For simplicity, we limit ourselves to on-the-grid and calibrated surveys, which we do not consider as a limitation because we have shown that our CS-based time-lapse acquisition can be extended to irregular off-the-grid acquisition (Wason et al., 2017) and to situations where the actual and post-plot acquisitions differ by unknown calibration errors. For details on the possible impact of calibration errors, we refer to our companion paper “Highly repeatable time-lapse seismic with distributed Compressive Sensing—mitigating effects of calibration errors” in this special issue. In that contribution, we show that the attainable recovery quality and repeatability of time-lapse vintages and difference deteriorates gracefully as a function of increasing calibration errors. The main contribution of this work is that we confirm, by means of at-scale simulation, that 3D time-lapse full-azimuth multi-vessel towed-streamer acquisition and processing are viable as long as we exploit information shared among the time-lapse vintages, by our joint-recovery model, and within the vintages themselves via low-rank matrix-factorizations (Kumar et al., 2015b). As a result, we arrive at a relatively simple easily parallelizable algorithm that is capable of handling large data volumes without relying on partitioning the data into small volumes. Instead, our permutation into the noncanonical matricization that lumps source/receiver coordinates together, leads to extremely parsimonious representations of the data, which explain the quality and repeatability of the recovered time-lapse vintages from surveys collected with relatively large subsampling ratios without insisting on replication.

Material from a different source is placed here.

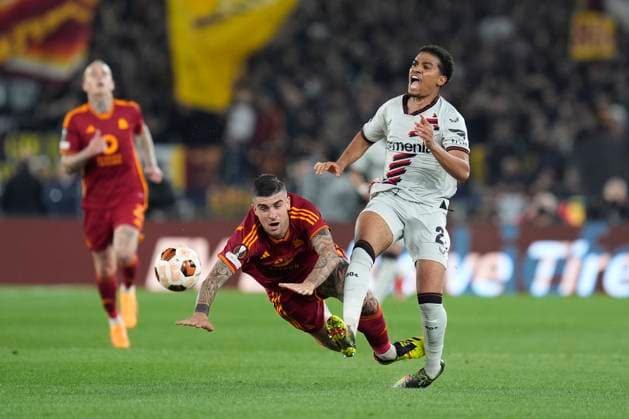 Gianluca Mancini of AS Roma competes for the ball with Amine Adli of Bayer Leverkusen during the UEFA Europa League match between AS Roma and Bayer Leverkusen at Stadio Olimpico Rome Italy on 02 May 2024. Rome Stadio Olimpico Rome Italy Copyright: xPhotoxSportxPicsx SP24-929-023
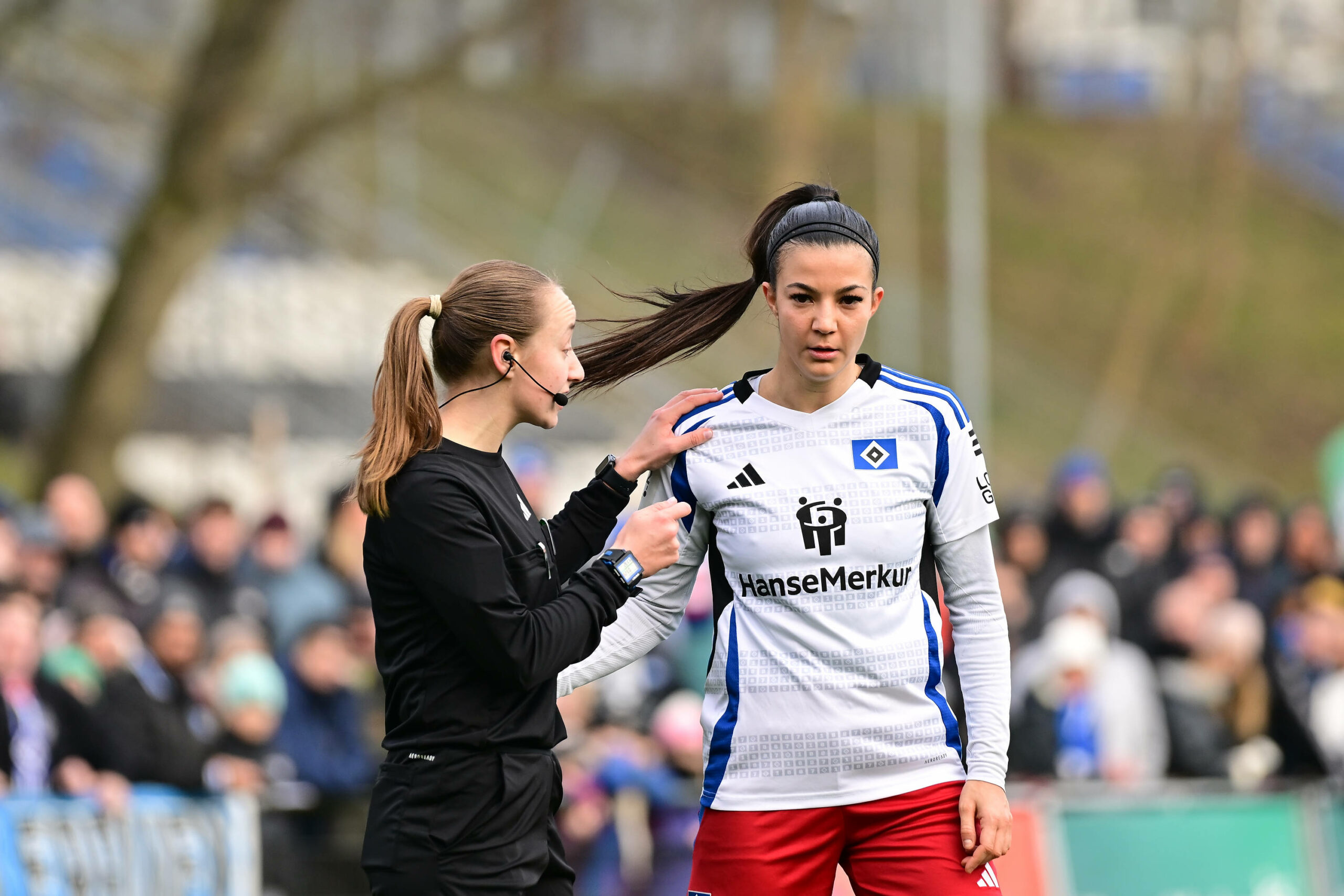 HSV-Torschützin Vildan Kardesler mit Schiedsrichterin Lara Wolf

In summary, the experience we gain with our numerical feasibility study suggests that we may no longer need to insist on dense replicated source/receiver sampling as in time-lapse surveys with (semi) permanent OBC/OBN. Instead, we demonstrate that high-quality repeatable time-lapse vintages can be acquired with randomized towed-array multi-vessel acquisitions designed according to the principles of CS.

Acknowledgements

We would like to acknowledge Nick Moldoveanu for useful discussions on 3D time-lapse acquisition and Charles Jones (BG Group) for providing the BG COMPASS 3D time-lapse model. This research was carried out as part of the SINBAD project with the support of the member organizations of the SINBAD Consortium. The authors wish to acknowledge the SENAI CIMATEC Supercomputing Center for Industrial Innovation, with support from BG Brasil, Shell, and the Brazilian Authority for Oil, Gas and Biofuels (ANP), for the provision and operation of computational facilities and the commitment to invest in Research & Development.